車
その後、予鈴がなってマリエルたちは慌てて授業に向かった。
昼休みの後は体育のクラスだった。
マリエルは髪を一つに纏めてバトミントンのラケットを握っていた。
色々あった中学時代。マリエルはクラスメイトから避けられていたこともあって、体育などの生徒同士が協力する類のものは先生たちが補習をつけて通してくれた。
つまり、マリエルは一人で出来ないスポーツ系はボロボロだ。オリビアが組んでくれたが迷惑をかける事態しか思いつかない。
実際、想像通りになった。マリエルは必死でシャトルを追ったが、上手く打ち返せなかった。相手チームの子たちは苦笑いしながら優しめに打ってくれたし、オリビアは励ましてくれた。優しさがツラい。
ふっと視線を感じてそちらに目をやると体育館の隅にルークスがいた。俯いて手で口もとを隠しているが小さく肩が揺れている。笑っているのをごまかしてる。
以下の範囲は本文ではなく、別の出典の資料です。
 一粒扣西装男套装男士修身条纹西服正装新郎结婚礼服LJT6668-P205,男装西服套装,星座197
マリエルは首の後ろから耳、頬まで恥ずかしさで染まっていくのがわかった。
きっとルークスはマリエルとは別のことで笑っているんだ。そうに違いない、と思ったのにルークスと目がバチっと合ってしまった。息を呑む。吸い込まれそうな綺麗な目。ルークスが明らかに表情を消してマリエルから目を逸らした。やはりルークスはマリエルを見て笑っていたらしい。
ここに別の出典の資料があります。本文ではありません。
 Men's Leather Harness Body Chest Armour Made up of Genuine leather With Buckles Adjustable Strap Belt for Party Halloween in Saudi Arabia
マリエルにとってルークスはとんでもなく失礼な人だ。明らかに避けているくせにマリエルのことを笑って腹も立つ。
それなのに、あの美しい男の子の笑顔に目を奪われていた自分に恥ずかしくなった。
初日の授業をなんとか終えて、マリエルはオリビア達と別れた。
マリエルは学校から帰る時はスクールバスだ。
この国では運転免許は16歳から取得できる。生徒はほとんどが自分の車を持って運転してくる。オリビア達もそうだった。マリエルは運転免許を取得していたが、引越しで忙しく車を持っていなかった。
バスの運転手さんにありがとうございましたと伝えてバス停から歩いて帰宅する。
叔母アンナの家は二階建てのコロニアル様式の家だ。
道路に面してないところにはプールもついている。管理が大変じゃないかと思っている。掃除の人を呼ぶんだろうか。
「ただいまー!」
マリエルが帰宅するとアンナが顔を出した。
「おかえり、マリエル。ご飯は簡単にピザでもいい?ちょっと忙しくて用意できなかったわ」
「全然!料理好きだからあれだったら私作るよ」
「え、うそ!助かる!私料理が苦手で。マリエルありがとう! …あっとそうじゃなくて、 マリエルにプレゼントがあるの!こっちよ」
アンナはガレージにマリエルを案内した。
そこにはアンナが普段から使っているポルシェのSUVの他にシルバーの車があった。中古車みたい。ホンダのシビックだ。
「ボルボとかベンツとかも考えたのよ。でも首都高校はレベルが高いから富裕層の子もいるけど、私立じゃないから一般の子もおおいでしょ。学生のうちはお金持ちでも中古車しか買わないって親も多いわ。マリエルは目立ちたくないかな?と思って」
マリエルは嬉しくて飛び上がるかと思った!私の車だ!私だけの!
「アンナありがとう!すごく嬉しい!」
目立たないのが更にいい!目立ってもいいことばかりじゃないのはすでに中学で嫌と言うほど経験している。
アンナの家には一階に浴槽、シャワールーム、洗面台のあるバスルームと二階にシャワールーム、洗面台のあるバスルームがあった。 トイレはそれぞれ各階に独立してある。
一階にはアンナの主寝室もあることから、一階のバスルームはアンナ、二階のバスルームはマリエルが使うことになった。 浴槽は使いたければ使っていいとアンナは言ってくれたが、マリエルは面倒なので基本的に普段体を洗う時はシャワーだけだ。お風呂は週末にゆっくり浸からせてもらえるようにお願いした。
アンナとピザを食べた後、シャワーを浴びて髪を乾かした。 マリエルはベッドに寝転んだ。
今日の一日を思い返す。
避けられてるのかもしれない男の子のことを考えると気分が落ち込む。
マリエルは必死で良いことを思い浮かべる。
少し緊張したけど四人の子とは仲良く出来そう。エミリーとオリビアと今日仲良くなれたのは本当に嬉しかった。
車をもらったから明日からはバスの時刻を気にせずに図書館に行ける。今日は課題がなかったけどレポートとかの課題が出たらやはり図書館とかで勉強したい。
マリエルは明日からのことを色々考えていたら、いつの間にか眠りに落ちてしまった。